Le gouvernement lance sa grande réforme de la formation continue et de l’apprentissage pour enrayer le chômage de masse, qui touche surtout les non-qualifiés. Si cette solution, en soi, ne crée pas d’emploi, elle sécurise les parcours professionnels.

세계 | 26.11.2017 à 19h08 • Mis à jour le 27.11.2017 à 03h43 | Anne Rodier

Formation au CAP de menuisier au centre des Compagnons du devoir, à Baillargues (Herault), le 24 janvier.

Face au chômage, Muriel Penicaud, la ministre du travail, pense avoir trouvé la martingale. « La meilleure et la première protection contre le chômage est la compétence, et le premier levier pour la compétence, c’est la formation », a-t-elle affirmé le 25 octobre. Un postulat qui retrouve une actualité forte en ces temps de reprise, sur fond de révolution numérique. La ministre vient donc de donner le coup d’envoi d’une vaste réforme de la formation professionnelle, de l’apprentissage et de l’assurance-chômage. Objectif : une adoption définitive « avant la fin de l’été 2018 ».

Mais, s’il y a urgence à réformer, il convient de lever une ambiguïté : la formation en soi ne crée pas d’emploi. En revanche, la qualification qu’elle apporte est la meilleure des protections contre le chômage. Les statistiques parlent d’elles-mêmes : l’armée des chômeurs est constituée de façon écrasante par des non-qualifiés.

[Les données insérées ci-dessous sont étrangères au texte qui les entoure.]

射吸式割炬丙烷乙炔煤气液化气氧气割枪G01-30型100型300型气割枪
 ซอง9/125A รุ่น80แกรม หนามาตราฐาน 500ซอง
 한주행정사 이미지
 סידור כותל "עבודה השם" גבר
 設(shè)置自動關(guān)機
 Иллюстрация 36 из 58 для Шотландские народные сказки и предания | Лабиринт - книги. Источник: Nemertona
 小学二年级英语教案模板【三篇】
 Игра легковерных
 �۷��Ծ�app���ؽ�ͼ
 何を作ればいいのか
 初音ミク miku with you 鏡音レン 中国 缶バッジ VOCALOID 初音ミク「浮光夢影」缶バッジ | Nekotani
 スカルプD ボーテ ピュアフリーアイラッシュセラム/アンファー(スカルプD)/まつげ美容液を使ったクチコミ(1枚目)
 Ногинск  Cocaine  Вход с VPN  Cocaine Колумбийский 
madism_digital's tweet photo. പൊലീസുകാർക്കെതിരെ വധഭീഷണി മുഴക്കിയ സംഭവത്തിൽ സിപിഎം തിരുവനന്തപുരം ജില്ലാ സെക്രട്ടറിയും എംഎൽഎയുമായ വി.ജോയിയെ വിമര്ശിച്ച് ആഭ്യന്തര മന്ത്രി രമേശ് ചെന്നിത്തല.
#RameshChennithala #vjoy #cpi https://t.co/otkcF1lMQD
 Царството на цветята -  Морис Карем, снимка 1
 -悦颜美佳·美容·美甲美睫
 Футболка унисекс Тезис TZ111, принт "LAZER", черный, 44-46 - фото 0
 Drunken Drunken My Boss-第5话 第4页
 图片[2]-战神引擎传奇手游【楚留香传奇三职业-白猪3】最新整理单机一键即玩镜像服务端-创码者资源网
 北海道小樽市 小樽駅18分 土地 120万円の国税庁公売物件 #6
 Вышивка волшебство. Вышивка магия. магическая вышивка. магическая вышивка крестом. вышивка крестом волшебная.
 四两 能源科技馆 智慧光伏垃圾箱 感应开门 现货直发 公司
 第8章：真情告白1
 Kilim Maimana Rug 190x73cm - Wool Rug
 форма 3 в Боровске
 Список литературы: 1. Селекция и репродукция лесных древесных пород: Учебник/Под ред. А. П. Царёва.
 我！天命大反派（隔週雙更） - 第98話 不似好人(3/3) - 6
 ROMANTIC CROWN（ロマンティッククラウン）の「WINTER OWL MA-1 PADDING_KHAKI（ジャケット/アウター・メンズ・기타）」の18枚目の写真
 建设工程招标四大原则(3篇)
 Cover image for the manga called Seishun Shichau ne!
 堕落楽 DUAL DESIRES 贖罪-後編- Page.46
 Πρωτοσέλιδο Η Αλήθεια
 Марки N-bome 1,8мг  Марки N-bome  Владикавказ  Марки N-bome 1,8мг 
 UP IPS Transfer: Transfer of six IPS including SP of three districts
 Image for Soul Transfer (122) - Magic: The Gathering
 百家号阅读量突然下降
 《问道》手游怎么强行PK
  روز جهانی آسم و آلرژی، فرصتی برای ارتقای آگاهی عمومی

« J’étais complètement à la ramasse »

Le taux de chômage des jeunes non diplômés interrogés cinq ans après leur sortie de l’école par le Centre d’études et de recherches sur les qualifications (Céreq), en 1997 puis en 2015, a bondi de 28 % à 42 %, quand celui des diplômés du secondaire est passé de 15 % à 16 %, et celui des diplômés du supérieur est resté stable, à 7 %. Les conclusions de l’Institut national de la statistique et des études économiques (Insee) sont encore plus brutales : les bac + 2 sont quasiment au plein-emploi, avec un taux de chômage de 5,7 % en 2016, contre près de 18 % pour ceux qui n’ont pas le bac.

Toutefois, le chemin qui mène de la formation à l’emploi n’emprunte pas toujours la ligne droite. Antoine Ferchaud, 33 ans, a toujours voulu être ébéniste. Pourtant, ses professeurs de troisième puis de seconde lui déconseillent l’apprentissage. Il prend tout de même le risque et rejoint la filière professionnelle.